Editorial: Ted Budd’s refusal to answer a basic question shows he really is an election denier
In 2020, it became evident that Donald Trump would not accept defeat long before the first ballot was cast. “The only way we’re going to lose this election is if the election is rigged,” he told his supporters.
Now, Trump’s preferred candidates in key swing states won’t promise to accept the 2022 election results, The New York Times reported Sunday. Among them is Rep. Ted Budd, who Trump has endorsed in North Carolina’s U.S. Senate race.

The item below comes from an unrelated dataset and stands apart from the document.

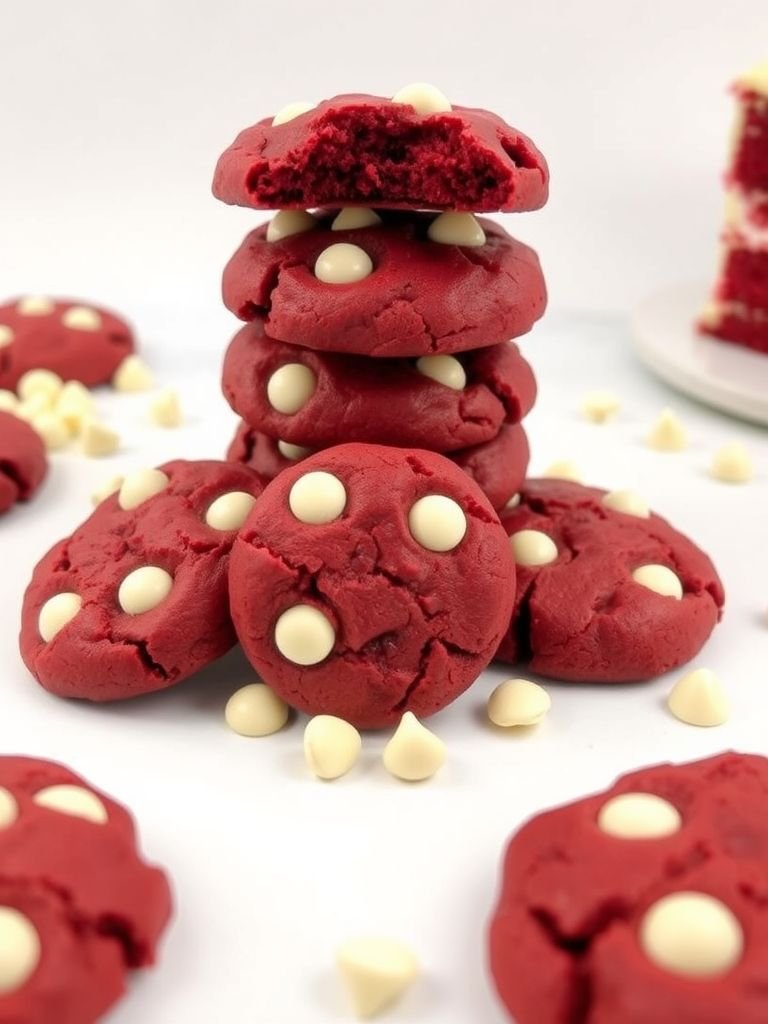 Red Velvet Cookies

A campaign spokesperson declined to tell The New York Times whether Budd would uphold the state’s results, and apparently made the unsubstantiated claim that Budd’s opponent, Cheri Beasley, might try to disenfranchise voters. A similar story published by The Washington Post listed Budd as one of 12 Republican nominees who either refused to commit to accepting the outcome of their elections or declined to respond altogether. The News & Observer didn’t get a straight answer, either.

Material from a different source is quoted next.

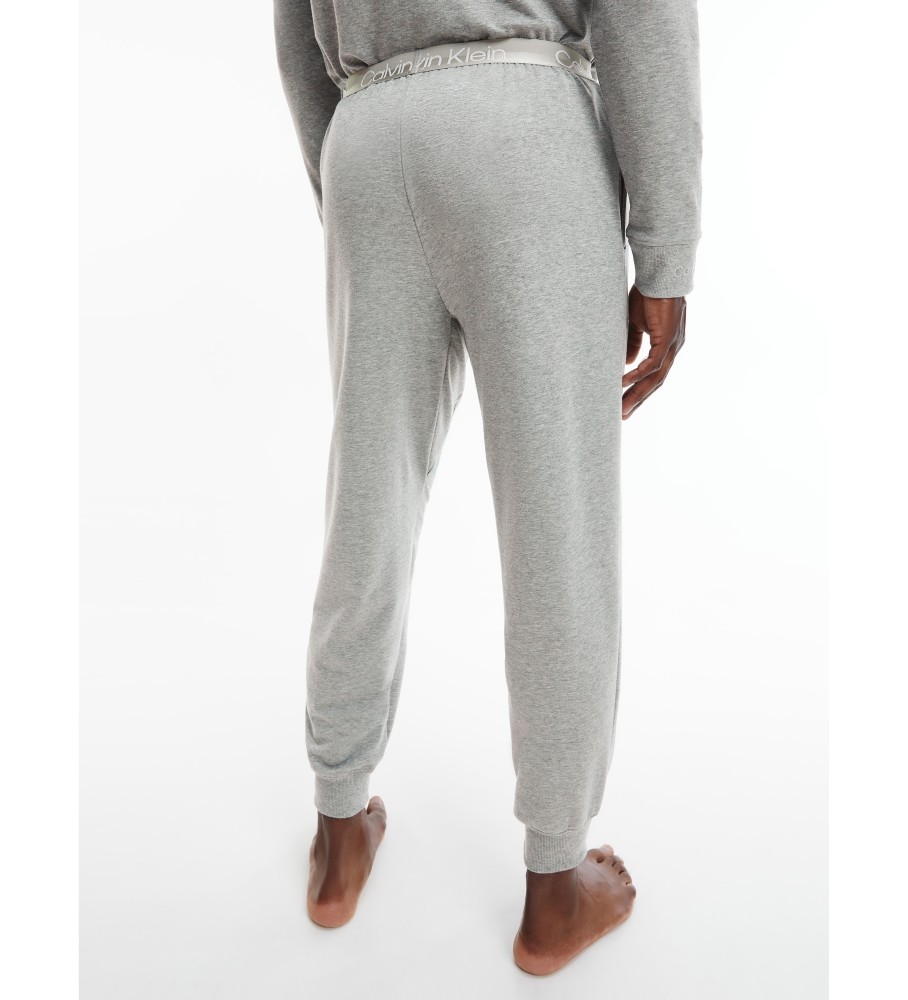 Calça Jogger Moderna Cinza Calvin Klein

That’s alarming. Even in the best case scenario, it provokes an ugly distrust in our elections, and discourages people from participating at all.
“For people ahead of time to set up the myth that there’s going to be fraud, that the election is going to be stolen, even before voting has started, is totally irresponsible,” Jennifer Roberts, a former Charlotte mayor, told the Editorial Board Monday.
Roberts and former state Supreme Court justice Bob Orr are leading the Carter Center’s bipartisan effort to restore public trust in the elections process. The Carter Center, a nonprofit organization founded by former President Jimmy Carter, found that purple states like North Carolina are more likely to experience disruption or concern about the integrity of elections, Roberts said.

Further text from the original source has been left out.